Traditional hypergraph incidence matrices employ binary representations, which struggle to capture the complex higher-order relationships between nodes and hyperedges arising from their size disparities. This work proposes the first continuous node–hyperedge proximity matrix grounded in a resource allocation mechanism, overcoming the limitations of binary encoding and enabling a more refined modeling of higher-order interactions. The resulting proximity matrix can be seamlessly integrated into lightweight algorithms to effectively support downstream tasks such as link prediction, key node identification, and community detection. Extensive experiments on multiple real-world hypergraph datasets demonstrate that methods leveraging this matrix consistently outperform existing baselines across all three core tasks, confirming both its expressive power and practical utility.

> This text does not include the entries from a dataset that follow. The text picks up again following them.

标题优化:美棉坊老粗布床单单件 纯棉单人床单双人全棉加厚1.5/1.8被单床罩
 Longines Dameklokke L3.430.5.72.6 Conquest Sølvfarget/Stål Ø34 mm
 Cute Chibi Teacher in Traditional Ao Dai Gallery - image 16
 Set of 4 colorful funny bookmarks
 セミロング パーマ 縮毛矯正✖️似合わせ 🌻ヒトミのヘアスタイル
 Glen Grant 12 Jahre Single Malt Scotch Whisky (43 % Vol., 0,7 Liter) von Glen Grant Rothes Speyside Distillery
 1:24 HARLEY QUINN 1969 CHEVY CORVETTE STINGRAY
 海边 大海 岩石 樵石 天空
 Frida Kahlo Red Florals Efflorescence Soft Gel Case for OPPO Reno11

Hypergraphs serve as an effective tool widely adopted to characterize higher-order interactions in complex systems. The most intuitive and commonly used mathematical instrument for representing a hypergraph is the incidence matrix, in which each entry is binary, indicating whether the corresponding node belongs to the corresponding hyperedge. Although the incidence matrix has become a foundational tool for hypergraph analysis and mining, we argue that its binary nature is insufficient to accurately capture the complexity of node-hyperedge relationships arising from the fact that different hyperedges can contain vastly different numbers of nodes. Accordingly, based on the resource allocation process on hypergraphs, we propose a continuous-valued matrix to quantify the proximity between nodes and hyperedges. To verify the effectiveness of the proposed proximity matrix, we investigate three important tasks in hypergraph mining: link prediction, vital nodes identification, and community detection. Experimental results on numerous real-world hypergraphs show that simply designed algorithms centered on the proximity matrix significantly outperform benchmark algorithms across these three tasks.